Ignobly… I snapped at Moomin because he was dawdling and I had to stop reading to help him get dressed and ready for school. (Rook got his breakfast and made his lunch.) He was cuddling up to me in bed and patting my face, sighing and saying “I love you, Mom” but I was patting him absentmindedly as I read the book over his head. Yeesh. Only later do I realize the book isn’t going to disappear… I can put it down and pay attention to my family… I’m better at this than i used to be, but The Moon and Sun overwhelmed me.
In the first half I was giggling at the things I’d heard people say about this book… that it was terrible… it was embarrassing… it was badly written and annoying and shouldn’t have won the Neb… And I thought “Oh of course people said that, because it’s femmy and Mary-Sueish and romance-novelly.” I saw what kind of set-up was going on – the same as in Troll. I was dying to see how she would handle Odelette’s enslavement and what would happen to her… (and it was all just right.)
The book got very intense, about halfway through… certainly before or during the crucial moment of the King’s hunt with the animals of the menagerie… and when they all said Marie-Josephe was mad, and the physician bled her. I could hardly stand to keep reading, it was so painful at that point. (I thought suddenly of my friend Lynlea and her role in a play by Carol Churchill about witches – the teenager freaking out about how her family was threatening her with being bled… and Lynlea played it so well.)
I could definitely read this book again and think about it more deeply.
I note that instead of romantic love being a trap, a lure, part of the co-optation of patriarchy… it’s pure melodrama… and love/sex is the only real relief from pain, isolation, mistrust. “Without boundaries”. The darker possibilities were not there, I don’t think (as they are in Bujold’s work). Though the end may be open to cynical interpretations of the exchange of jewels for liquor… the gratitude and wealth… the lack of actual family ties… and the threat of war underneath all in the ivory spears. So that love and exile are one result or solution, but they’re underlaid by war. (And again I’m thinking of the end of Aira’s La Liebre, with its exaggerated melodrama-marriages and the discoveries of kinship ties, lost brothers and mothers reunited.)

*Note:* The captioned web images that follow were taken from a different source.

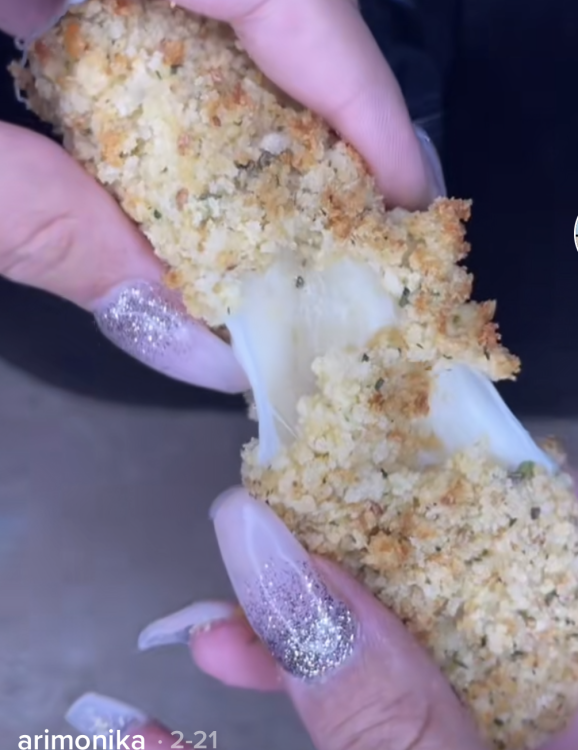 mozzarella stick being pulled apart by fingers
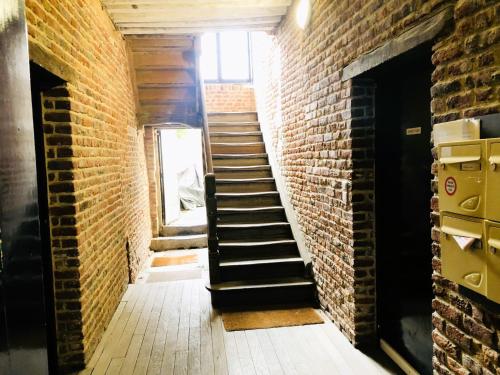 a brick hallway with a staircase in a building at La Petite Rhonelle - Studio en hypercentre in Valenciennes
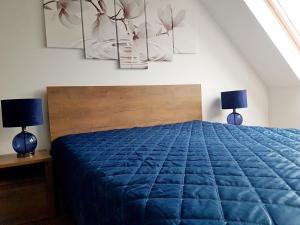 a bedroom with a blue bed and two lamps at Flowers in the attic in Żywiec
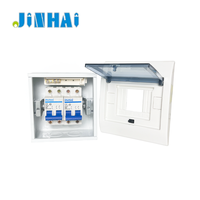 Boîtier de distribution encastré encastrable avec base métallique et porte en plastique mat, pour distribution électrique quatre fils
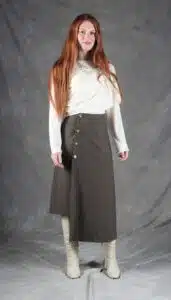 Model wearing an elegant wrap skirt crafted with a wrap skirt pattern, featuring a side button closure and a chic, flowing silhouette, paired with a light blouse and knee-high boots.
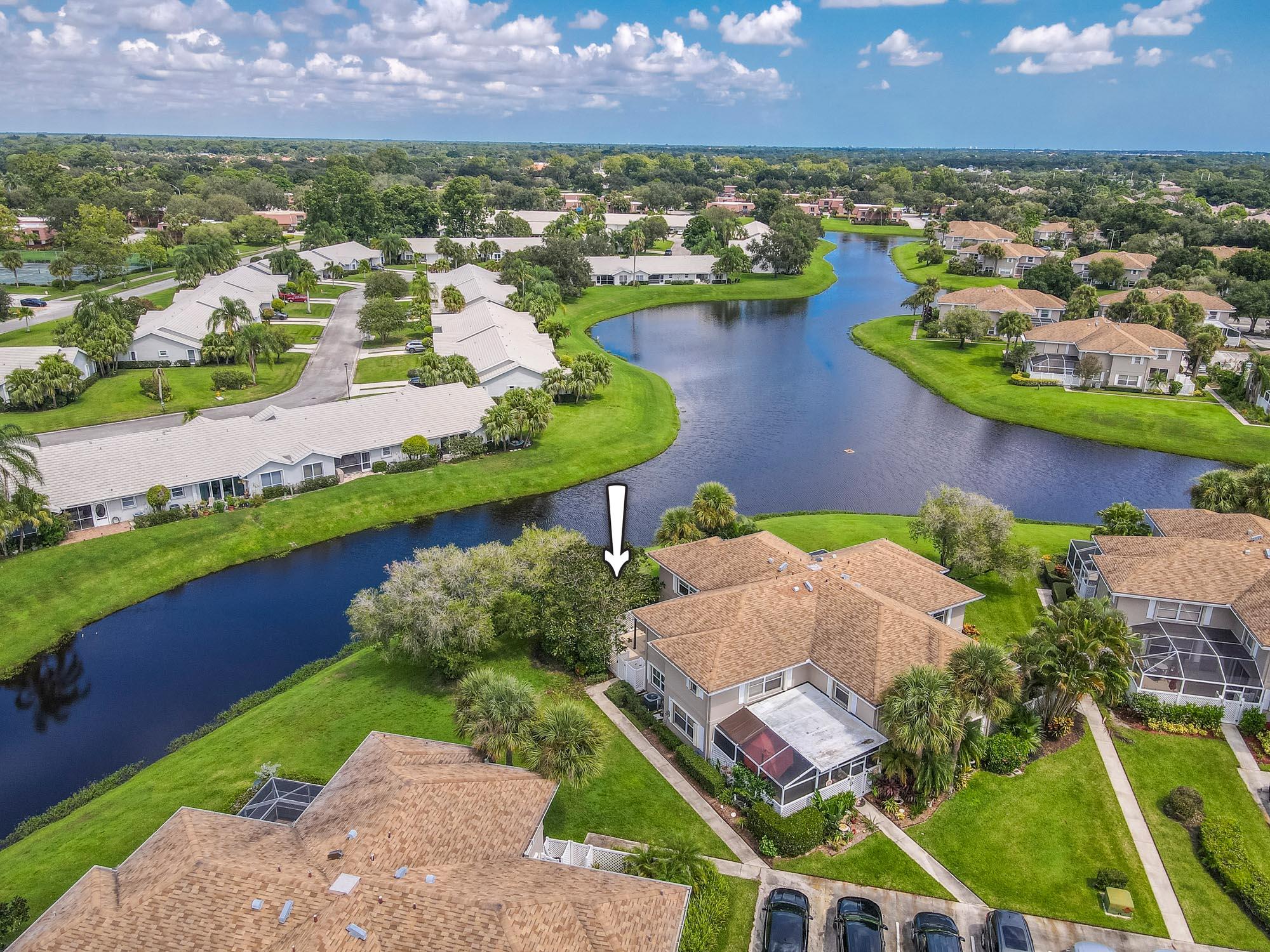 an aerial view of residential houses with outdoor space and lake view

I enjoyed the religion/science/alchemy tensions – and wished for more alchemy to seep through the corners. The symbolic struggle of moon and sun, art, science, and political power, with the statue of Apollo in the fountain facing the wrong way, and Marie the only one who noticed. That was beautiful and I think I have to read the book again and some extra history to really get what’s going on. I’m on fire to go read some history of those times, but it will have to wait. (It’s a book that I want to connect in to my map of all other similar books and histories.)
japan sending an ambassador… I hadn’t thought… but surely it’s true. Hmmm. I suddenly recall the craze for “chinoiserie” etc. and then can’t remember the dates of what happened when in Japan. Here’s another fun thing to write up – what the ambassadors offered, and what they were given in return.
I realized last year that I needed to search out and read everything by Vonda McIntyre… so, that will definitely happen.